The data:
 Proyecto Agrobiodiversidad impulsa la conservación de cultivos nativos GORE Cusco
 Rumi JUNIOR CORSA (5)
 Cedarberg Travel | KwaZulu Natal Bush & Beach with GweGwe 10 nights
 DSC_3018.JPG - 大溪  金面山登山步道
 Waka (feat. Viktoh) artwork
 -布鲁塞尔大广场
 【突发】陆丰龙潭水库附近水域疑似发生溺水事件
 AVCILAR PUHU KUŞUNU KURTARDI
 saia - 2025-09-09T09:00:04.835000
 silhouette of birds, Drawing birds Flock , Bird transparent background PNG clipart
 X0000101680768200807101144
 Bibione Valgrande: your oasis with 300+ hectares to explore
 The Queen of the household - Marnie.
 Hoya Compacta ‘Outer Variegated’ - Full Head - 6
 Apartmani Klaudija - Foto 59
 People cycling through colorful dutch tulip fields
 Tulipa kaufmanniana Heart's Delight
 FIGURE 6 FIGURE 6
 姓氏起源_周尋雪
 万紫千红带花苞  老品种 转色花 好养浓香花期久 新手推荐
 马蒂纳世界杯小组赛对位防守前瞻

Your task: Print each line, starting with the one that contains "saia - 2025-09-09T09:00:04.835000" and ending with the last line of the data, exactly as it stands and with no other lines.

Answer for this exercise:
 saia - 2025-09-09T09:00:04.835000
 silhouette of birds, Drawing birds Flock , Bird transparent background PNG clipart
 X0000101680768200807101144
 Bibione Valgrande: your oasis with 300+ hectares to explore
 The Queen of the household - Marnie.
 Hoya Compacta ‘Outer Variegated’ - Full Head - 6
 Apartmani Klaudija - Foto 59
 People cycling through colorful dutch tulip fields
 Tulipa kaufmanniana Heart's Delight
 FIGURE 6 FIGURE 6
 姓氏起源_周尋雪
 万紫千红带花苞  老品种 转色花 好养浓香花期久 新手推荐
 马蒂纳世界杯小组赛对位防守前瞻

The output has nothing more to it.